■ Exercise materials:
++++++

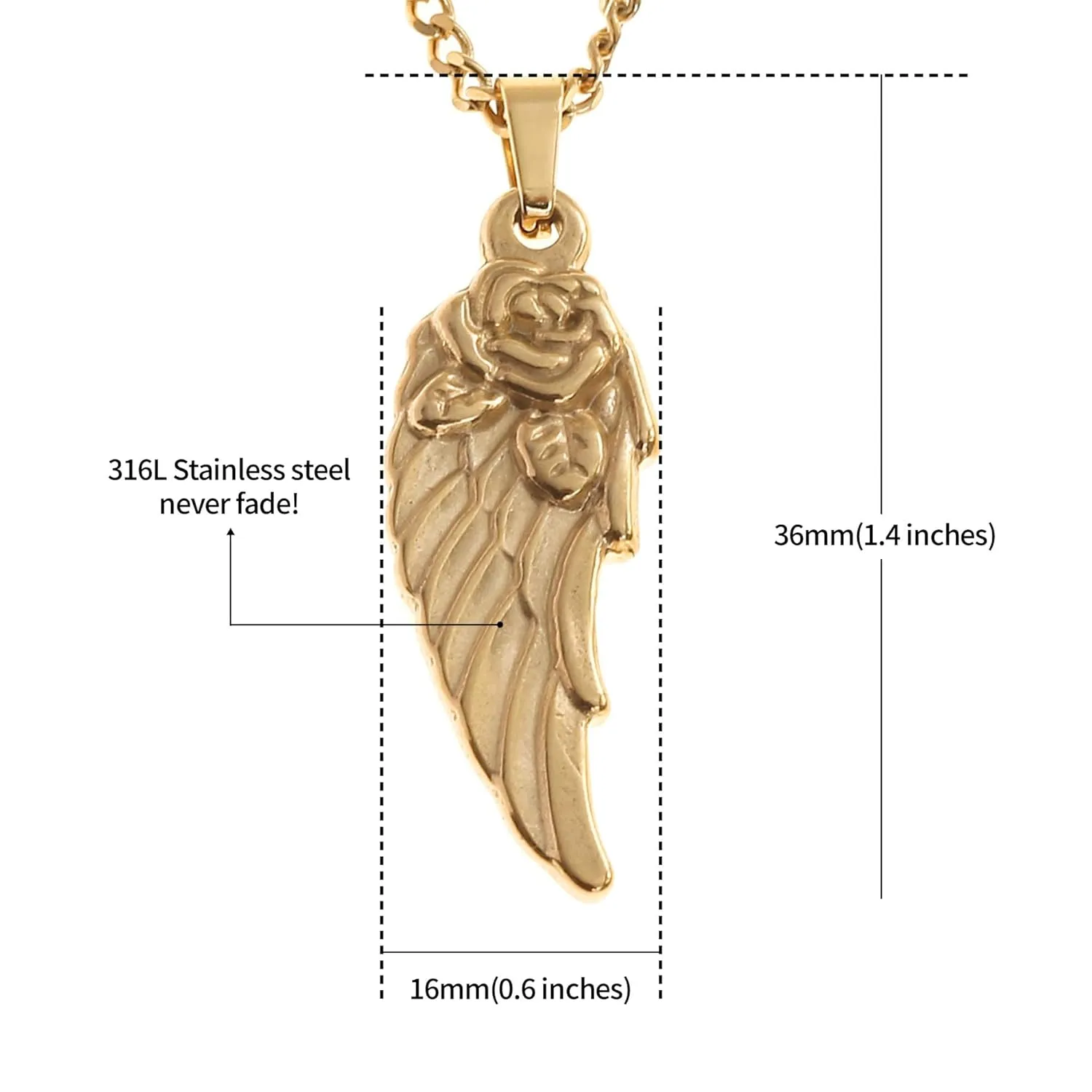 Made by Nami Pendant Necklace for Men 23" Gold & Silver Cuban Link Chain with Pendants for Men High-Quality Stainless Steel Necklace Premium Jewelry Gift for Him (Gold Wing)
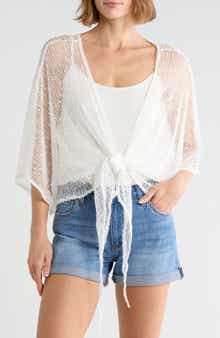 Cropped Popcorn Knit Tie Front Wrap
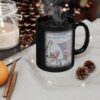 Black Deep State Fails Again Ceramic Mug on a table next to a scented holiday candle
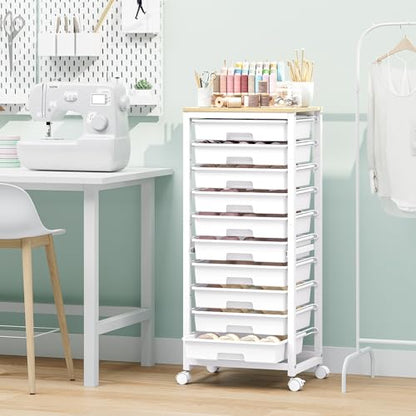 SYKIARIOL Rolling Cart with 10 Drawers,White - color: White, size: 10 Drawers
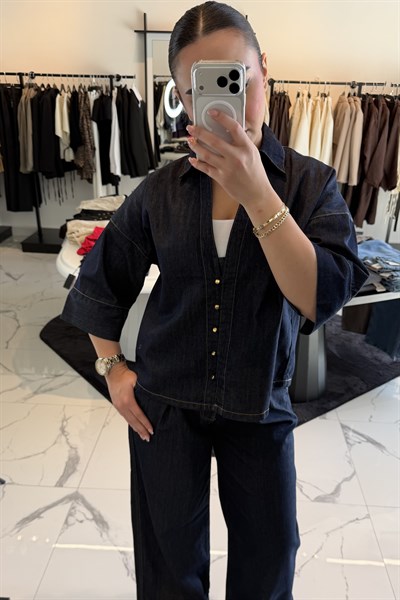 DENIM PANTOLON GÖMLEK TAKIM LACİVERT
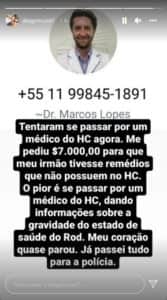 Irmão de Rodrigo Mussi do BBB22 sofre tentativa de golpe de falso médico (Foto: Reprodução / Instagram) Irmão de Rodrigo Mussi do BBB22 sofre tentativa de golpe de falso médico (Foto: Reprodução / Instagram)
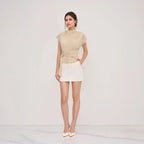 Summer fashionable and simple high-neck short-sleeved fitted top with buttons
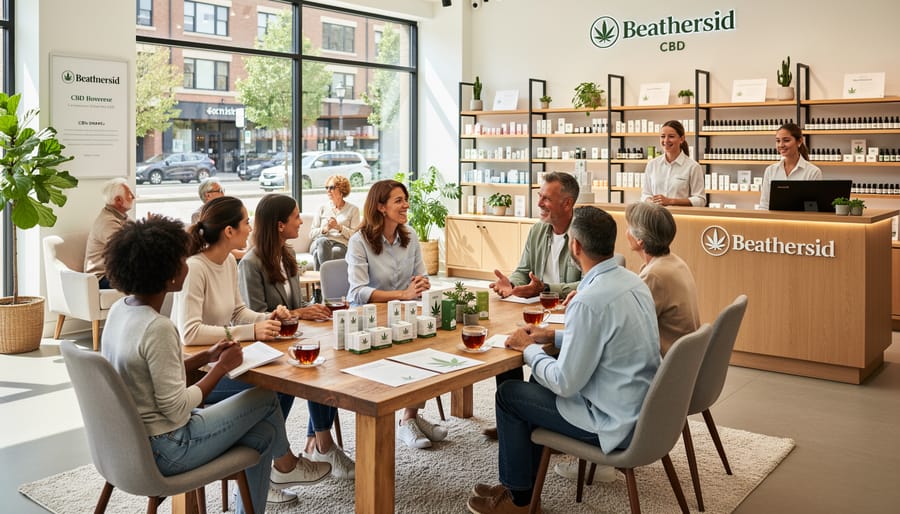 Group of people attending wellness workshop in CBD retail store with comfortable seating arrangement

++++++

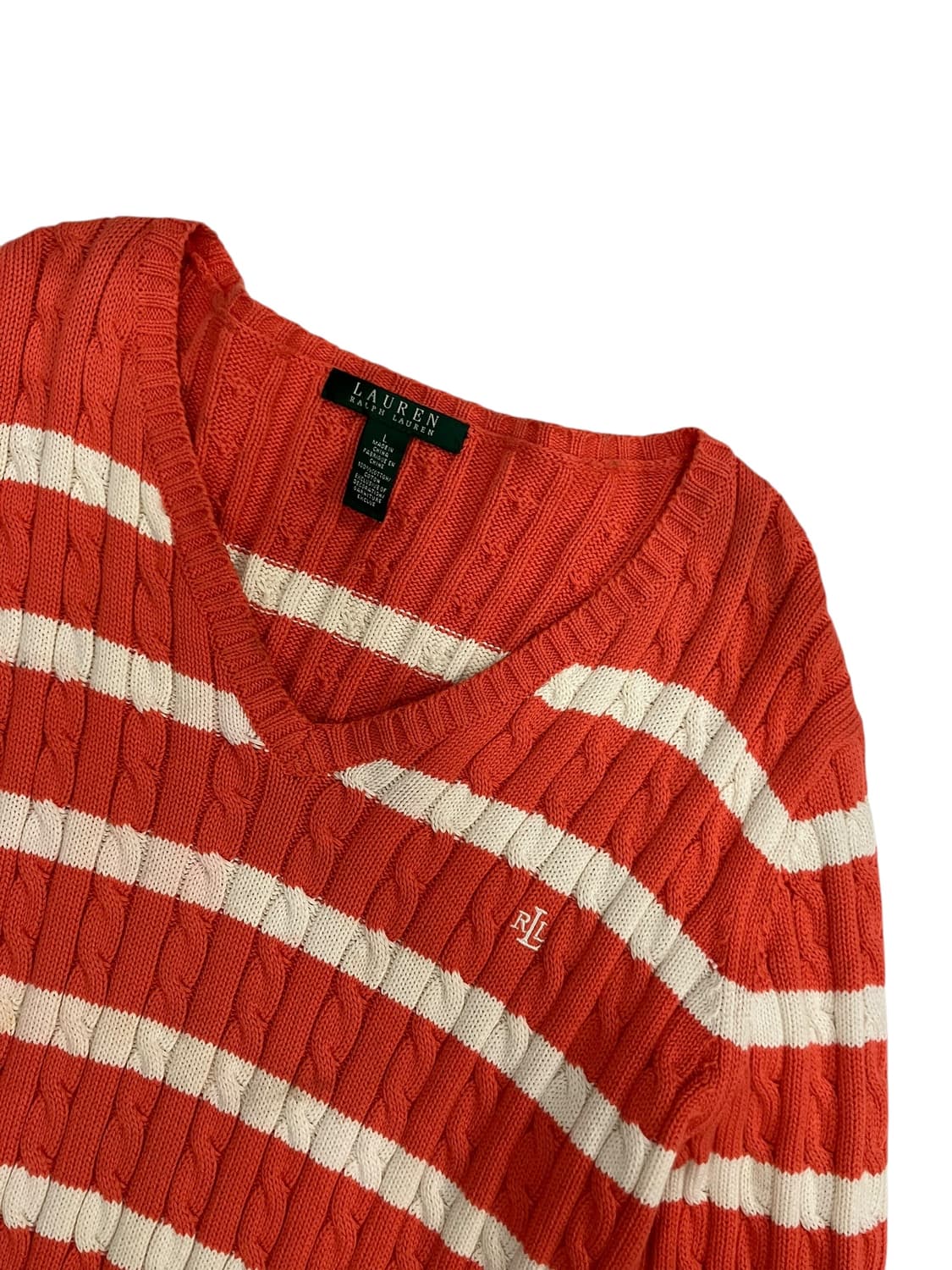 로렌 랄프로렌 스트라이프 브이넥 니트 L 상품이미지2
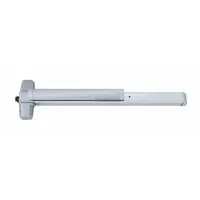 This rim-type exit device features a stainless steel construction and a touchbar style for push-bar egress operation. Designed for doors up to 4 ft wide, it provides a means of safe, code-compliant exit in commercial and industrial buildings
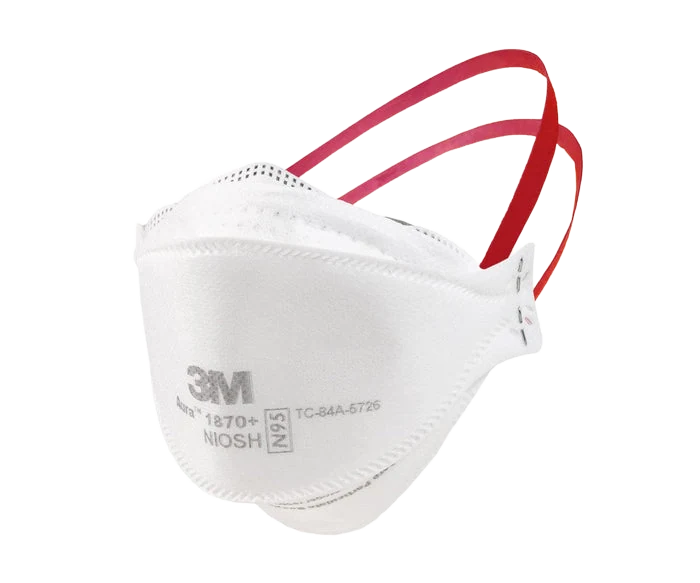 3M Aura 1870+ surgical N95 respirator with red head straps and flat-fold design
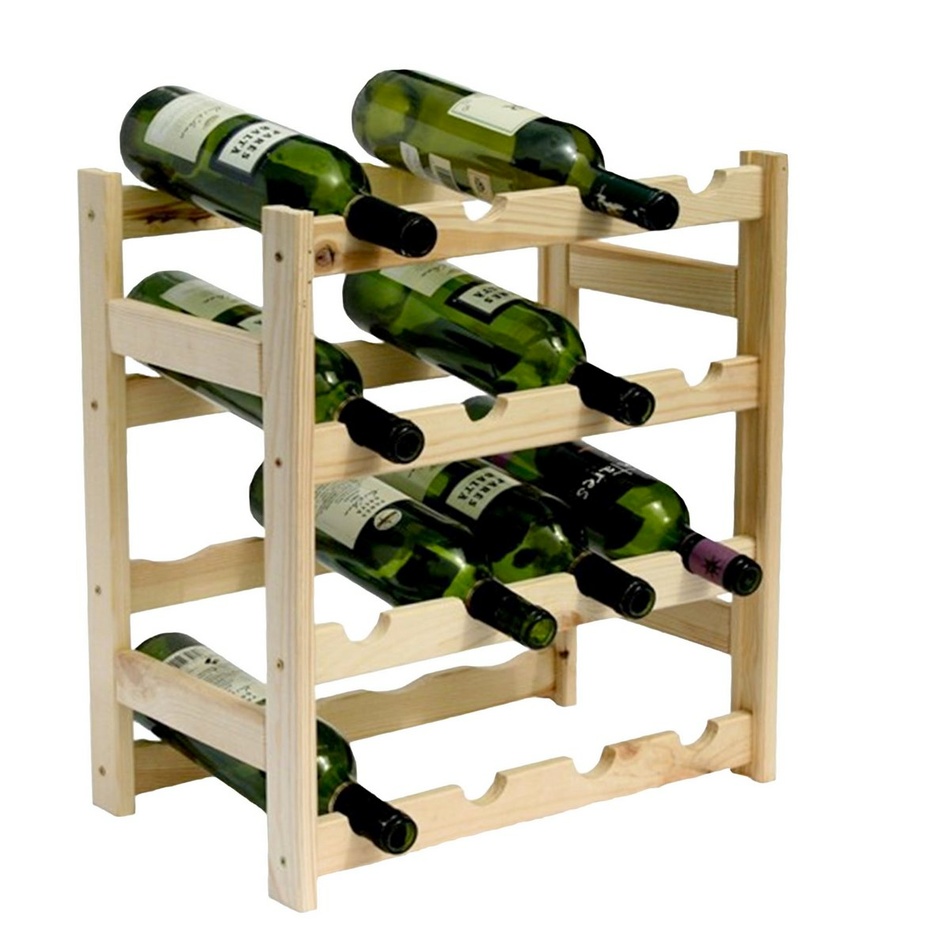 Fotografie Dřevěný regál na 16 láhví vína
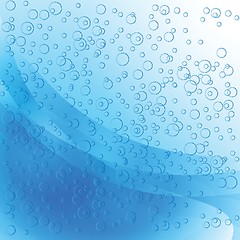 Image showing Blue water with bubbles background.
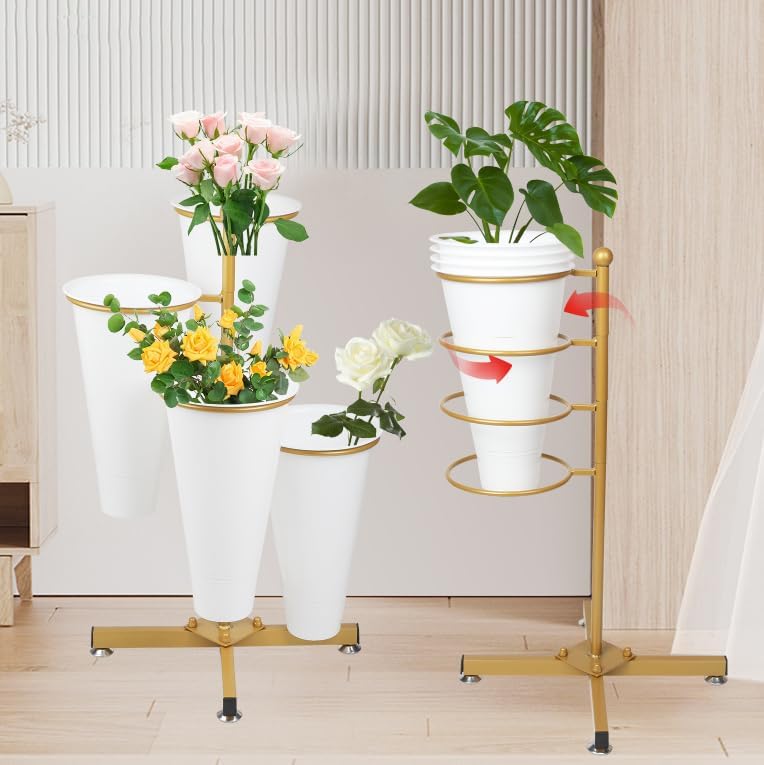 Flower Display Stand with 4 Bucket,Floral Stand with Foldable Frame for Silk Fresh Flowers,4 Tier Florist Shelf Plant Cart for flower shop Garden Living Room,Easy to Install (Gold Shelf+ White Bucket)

++++++

Beginning with the line above that contains "3M Aura 1870+" and ending with the line that contains "Image showing Blue", quote each line exactly, keeping out the pictures.

■ Response:
 3M Aura 1870+ surgical N95 respirator with red head straps and flat-fold design
 Fotografie Dřevěný regál na 16 láhví vína
 Image showing Blue water with bubbles background.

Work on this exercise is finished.